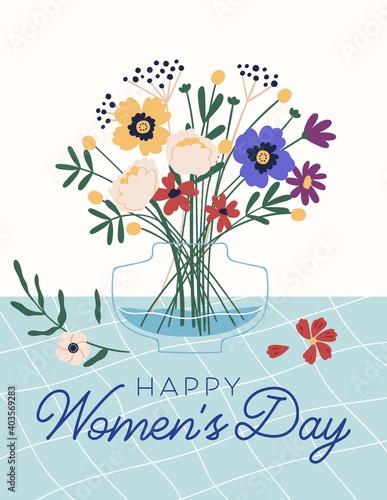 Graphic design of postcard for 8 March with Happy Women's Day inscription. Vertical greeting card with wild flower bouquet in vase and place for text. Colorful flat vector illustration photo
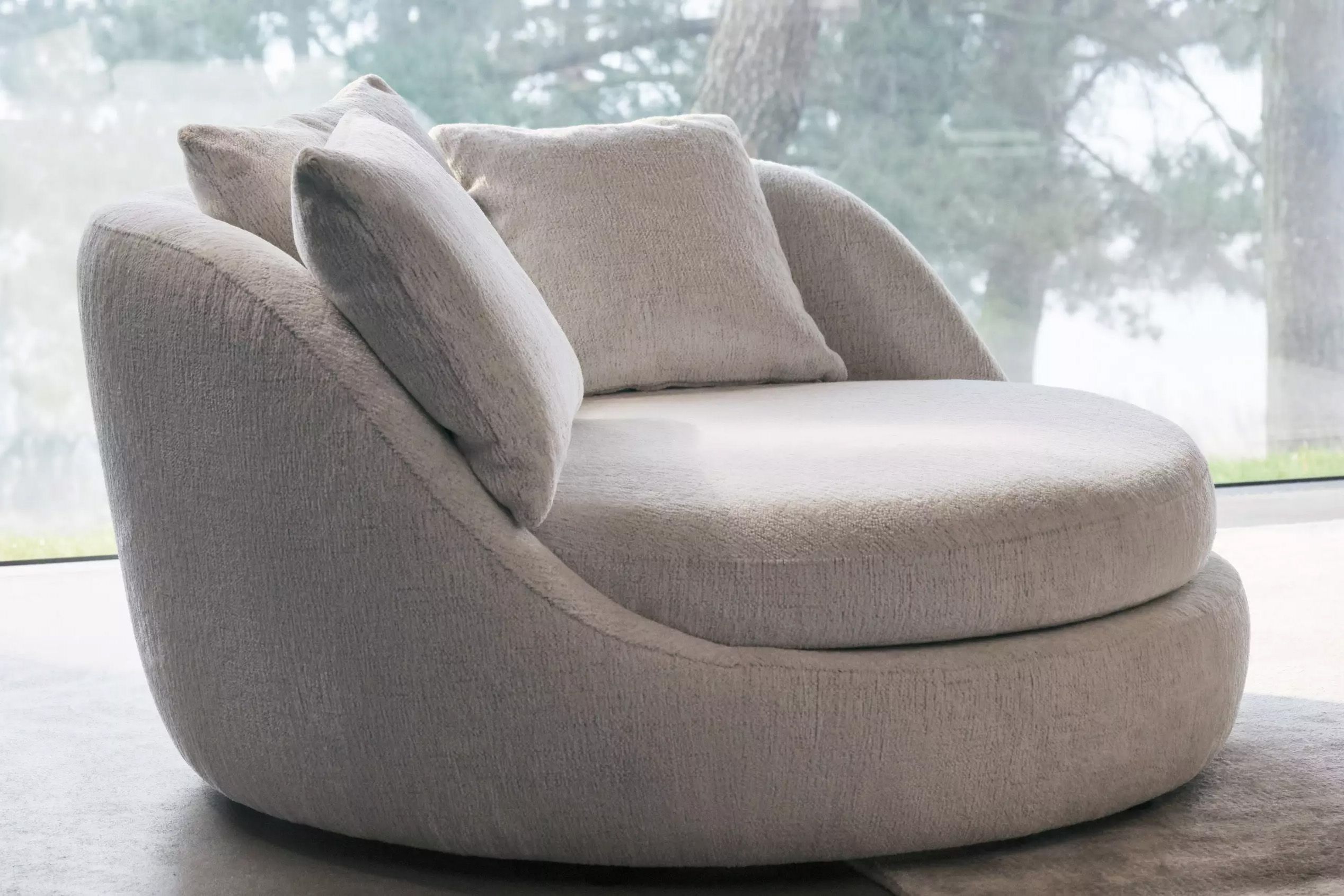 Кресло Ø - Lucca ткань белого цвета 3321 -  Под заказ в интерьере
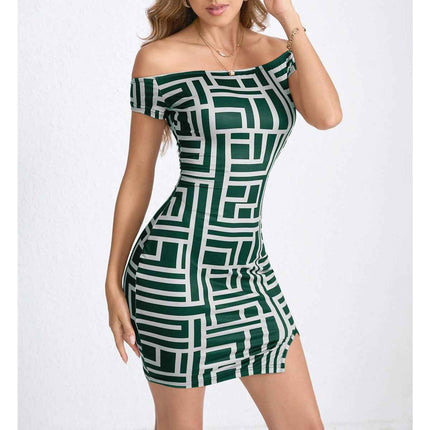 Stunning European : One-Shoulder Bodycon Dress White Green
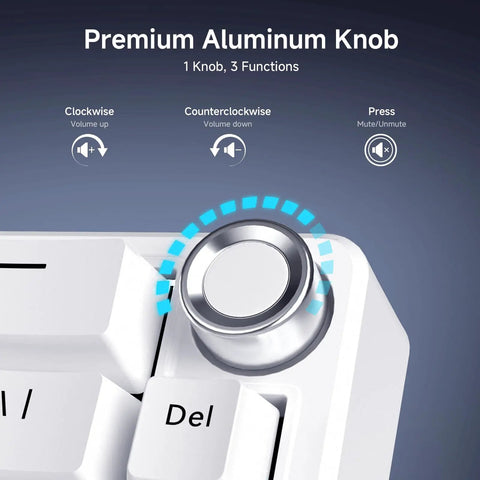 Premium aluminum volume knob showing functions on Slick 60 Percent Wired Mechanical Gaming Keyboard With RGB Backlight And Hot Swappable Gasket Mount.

* * *

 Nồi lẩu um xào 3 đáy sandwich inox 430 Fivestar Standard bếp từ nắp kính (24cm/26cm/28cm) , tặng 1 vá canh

* * *

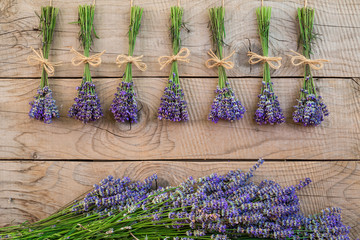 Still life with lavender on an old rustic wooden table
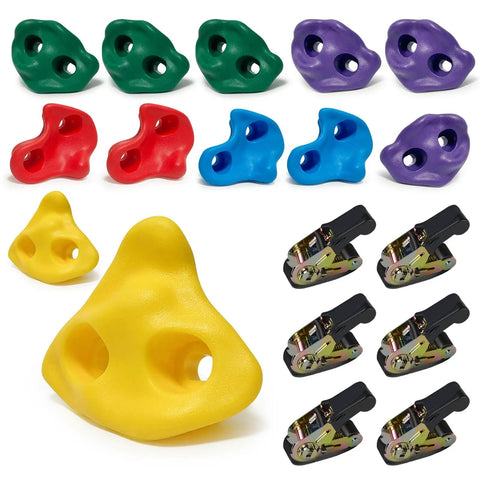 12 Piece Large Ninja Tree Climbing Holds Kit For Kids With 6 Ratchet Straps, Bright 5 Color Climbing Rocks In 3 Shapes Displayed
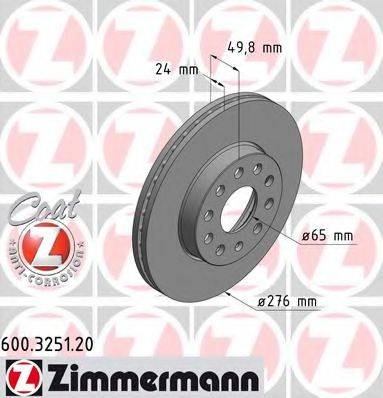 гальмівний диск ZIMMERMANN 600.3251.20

| Brief |
Look above for the line with "Still life with" and the line with "гальмівний диск ZIMMERMANN 600.3251.20", then restate exactly those two lines and all lines between them, with no pictures.

| Output for this exercise |
 Still life with lavender on an old rustic wooden table
 12 Piece Large Ninja Tree Climbing Holds Kit For Kids With 6 Ratchet Straps, Bright 5 Color Climbing Rocks In 3 Shapes Displayed
 гальмівний диск ZIMMERMANN 600.3251.20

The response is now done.